Police raids bust up drug labs. But they also bust up families.

By Joel Warner

Published on June 28, 2007

Someone was at the front door. Miranda's two-year-old daughter rushed toward it, figuring that her father was home. But then the door burst open, narrowly missing her, and the toddler saw that it wasn't Daddy after all.

It was a SWAT team.

Armor-clad police officers stormed inside, weapons drawn. They pushed a shocked Miranda to the floor and fastened her hands behind her back with zip ties. While her three children — her daughter and five- and nine-year-old sons — sat beside her, the SWAT team quickly scouted the rest of the two-bedroom basement apartment. After that, narcotics operatives from the North Metro Task Force took over, led by Detective Rob Lopez. He'd received a tip several months earlier that folks had been scoring methamphetamine from this residence, located in a shabby stretch of low-lying apartments near U.S. 36 and Federal Boulevard in Westminster. He'd sent a wired informant there to buy meth — once from Miranda and once from her husband, Vince. Each time, there were children at home.

Combing through the apartment on this evening in December 2004, Lopez and his colleagues found half a gram of meth in a vitamin bottle and a fifth of a gram in a plastic baggie. In a sealed box in a closet, they discovered meth pipes and other drug paraphernalia, plus digital scales and various plastic baggies presumably used to sell meth; elsewhere, they found two stashes of marijuana.

The detectives asked about Vince, and the oldest boy said that his father was at the apartment building next door. They found him there, along with 26 grams of meth in a throat-lozenge container.

As the three children were handed off to representatives of the Adams County Social Services Department, Lopez read Miranda her rights, which she waived. Flustered and defensive, she admitted that she and Vince sold meth out of their home four to five times a day, making $20 to $50 per deal. She smoked meth, too, she said. Lopez asked if she realized what she was doing to herself, to her family. There was more to life than this — didn't she see that? But it was impossible to know if any of that got through.
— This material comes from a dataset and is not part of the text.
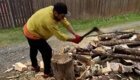 Не стоит отвлекать человека, занимающегося колкой дров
Lopez then talked to Vince, who was scruffy and skinny, with a goatee; Lopez was scruffy and built, with his long hair in a ponytail. Under different circumstances, in a different life, the two wouldn't have looked out of place sitting down together for a beer. But now Vince said he sold meth to supplement his income — and used it himself. He was already on probation for a previous misdemeanor drug charge, so he was probably facing jail time. Vince seemed resigned to his fate, maybe ready to turn things around, but Lopez didn't buy it. "When you have them at the jail, they're willing to give up the world," he says. "In this instance, I just thought it was more of the same."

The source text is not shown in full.